---------- TASK MATERIAL

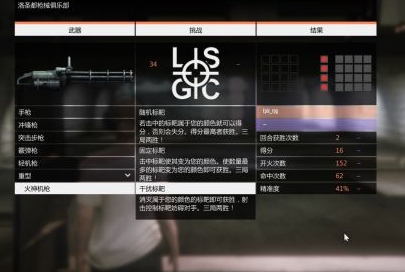 GTA5新手开局免费礼物如何领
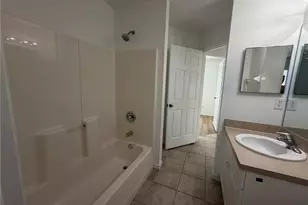 1004 NW 7th Ave, Cape Coral, FL 33993 - Photo 28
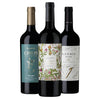 Mix Malbec Bon Vivant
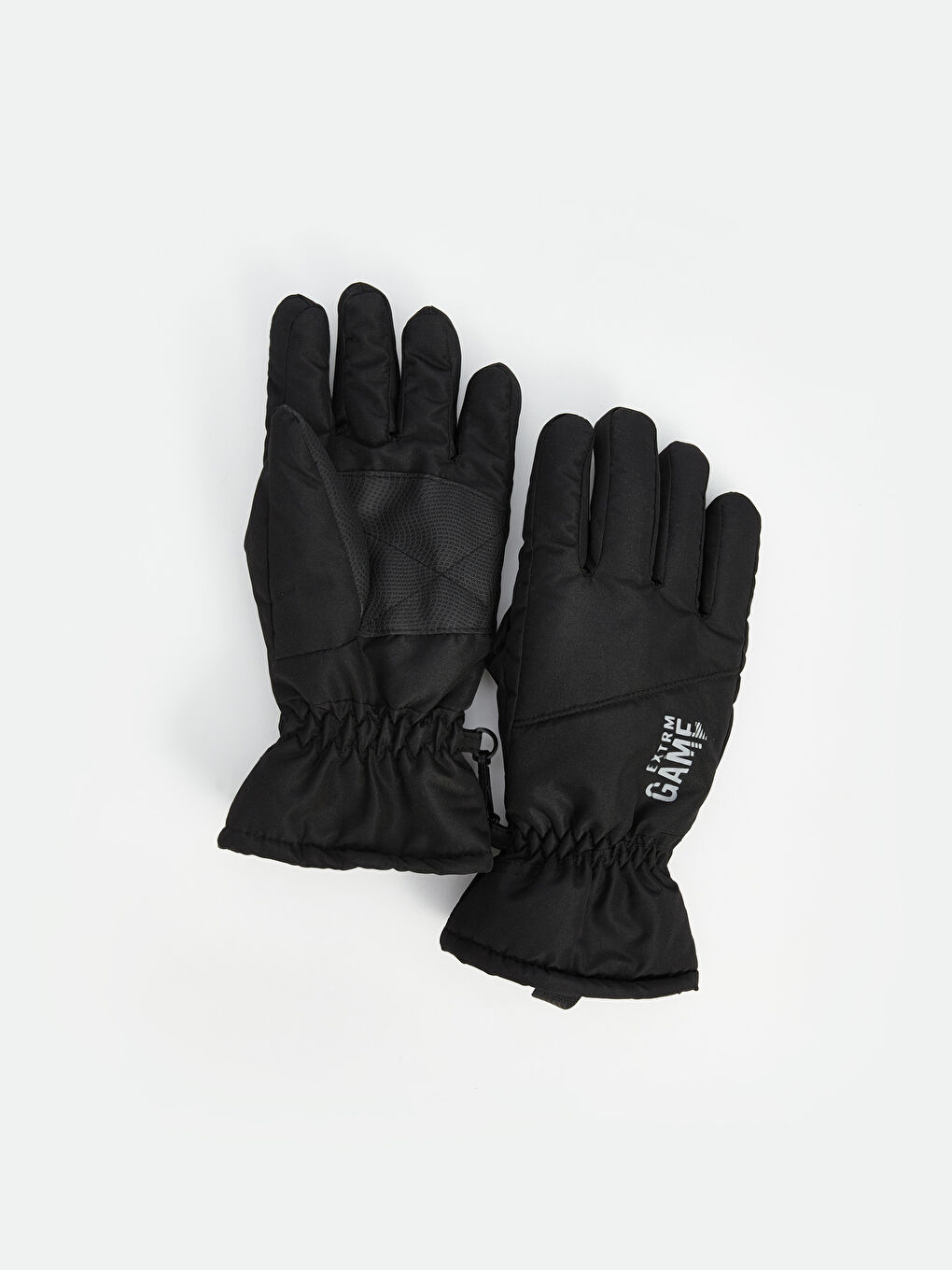 LCW ACCESSORIES Printed Boys' Gloves -W26013Z4-E0N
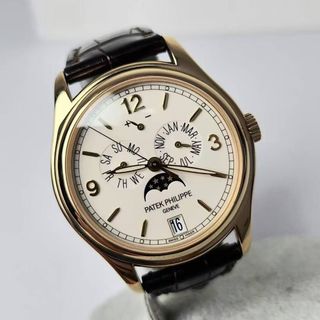 (分類:)位於 。 由 16_watch_b_q 提交(商品編號 1385014644,圖片 1)。簡介: 。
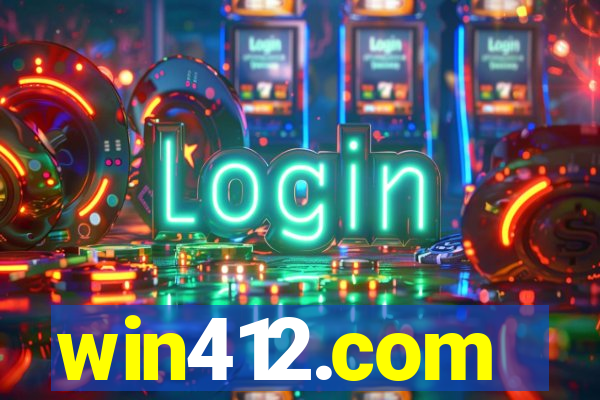 win412.com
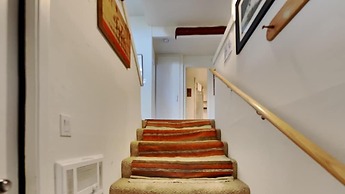 1849 Condos 631 4 Bedroom Home by RedAwning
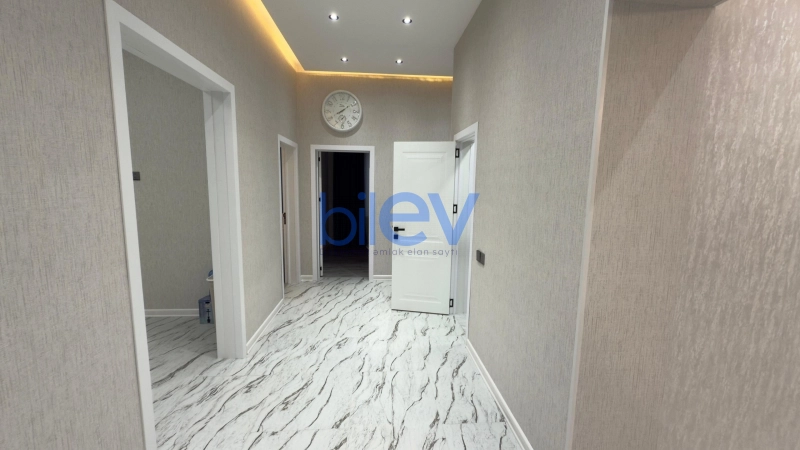 Günlük Kirayə 4 otaqlı Bağ evi  130m², Bakı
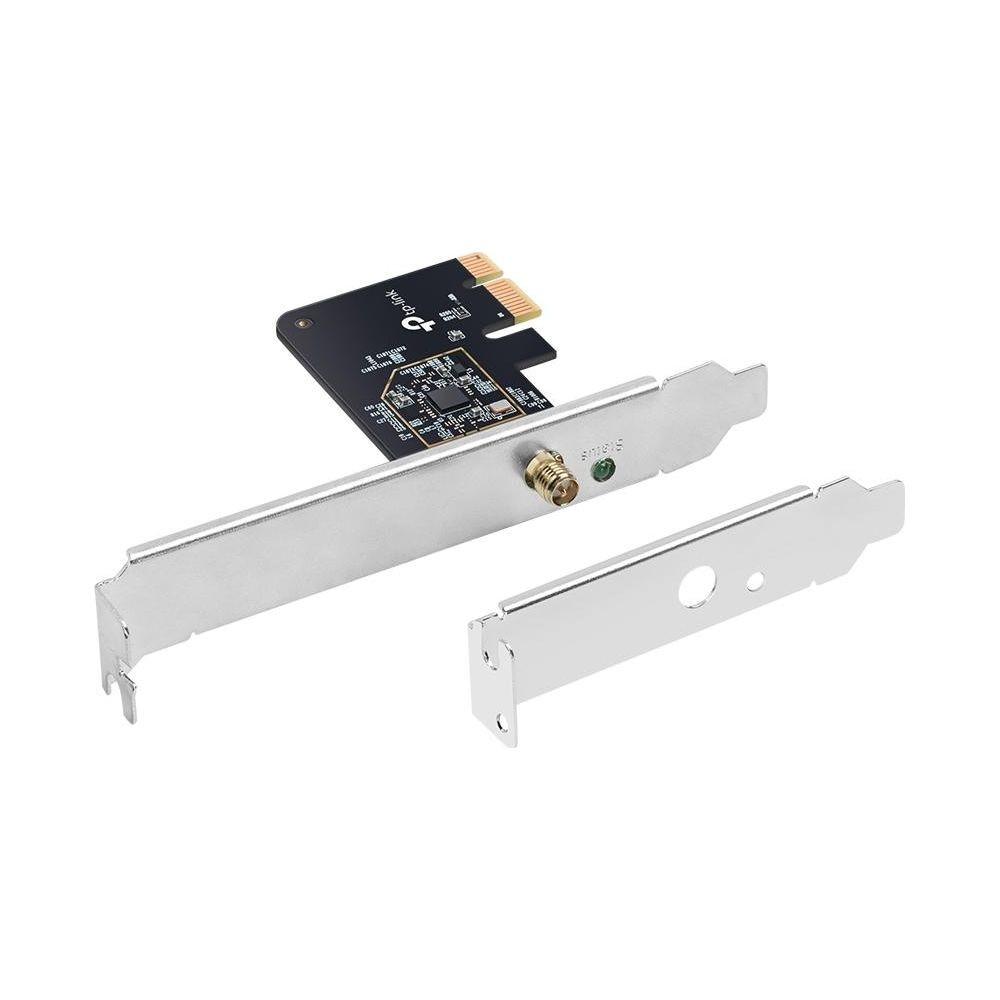 TP-Link WL-PCI Express Archer T2E AC600/Dual (USB)
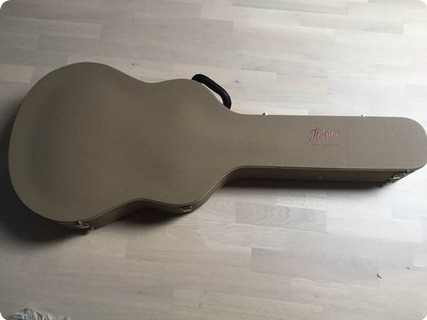 Hoffner  Verythin Classic Nature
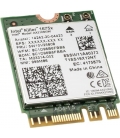 WIFI6E 2400Mbps - Intel Killer AX1675
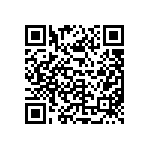 C316C301KAG5TA7301 QRCode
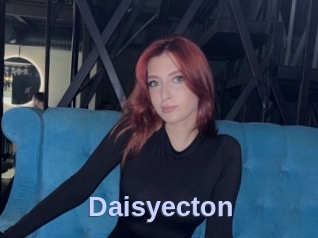 Daisyecton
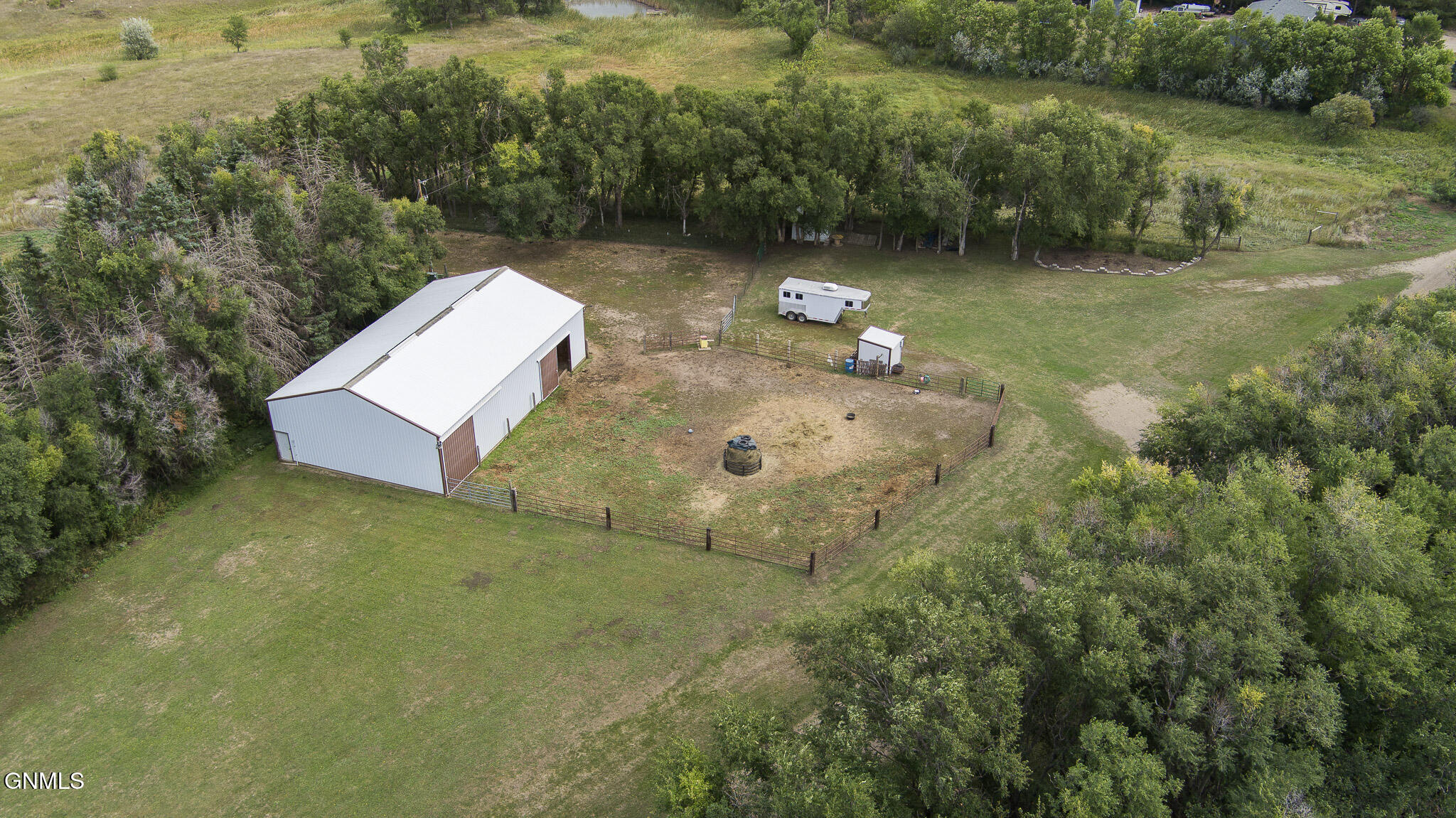 main property photo 58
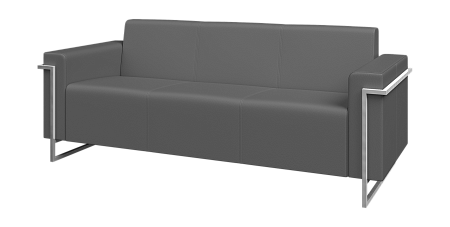 Диван 3-местный Дакар Dk3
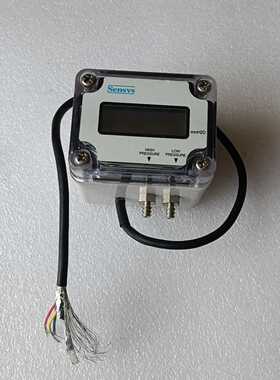 【议价】DPDH0150D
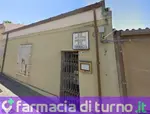 Farmacia Barracu Dr. Pina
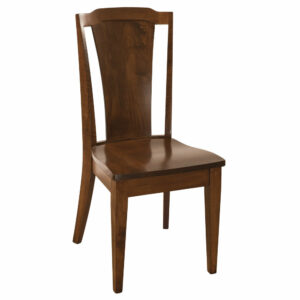 Charleston Chair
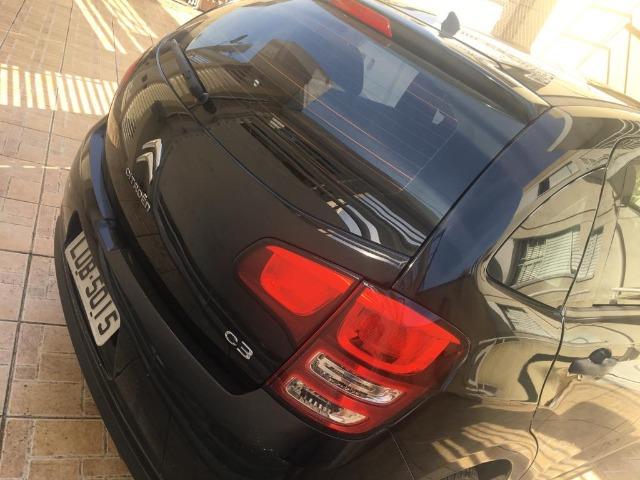Citroen C3 Origine - Foto 3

--------------------

▸ **WORK ITEM**
In the copy, include all records verbatim but no images.

▸ **TASK RESPONSE**
 GTA5新手开局免费礼物如何领
 1004 NW 7th Ave, Cape Coral, FL 33993 - Photo 28
 Mix Malbec Bon Vivant
 LCW ACCESSORIES Printed Boys' Gloves -W26013Z4-E0N
 (分類:)位於 。 由 16_watch_b_q 提交(商品編號 1385014644,圖片 1)。簡介: 。
 win412.com
 1849 Condos 631 4 Bedroom Home by RedAwning
 Günlük Kirayə 4 otaqlı Bağ evi  130m², Bakı
 TP-Link WL-PCI Express Archer T2E AC600/Dual (USB)
 Hoffner  Verythin Classic Nature
 WIFI6E 2400Mbps - Intel Killer AX1675
 C316C301KAG5TA7301 QRCode
 Daisyecton
 main property photo 58
 Диван 3-местный Дакар Dk3
 【议价】DPDH0150D
 Farmacia Barracu Dr. Pina
 Charleston Chair
Citroen C3 Origine - Foto 3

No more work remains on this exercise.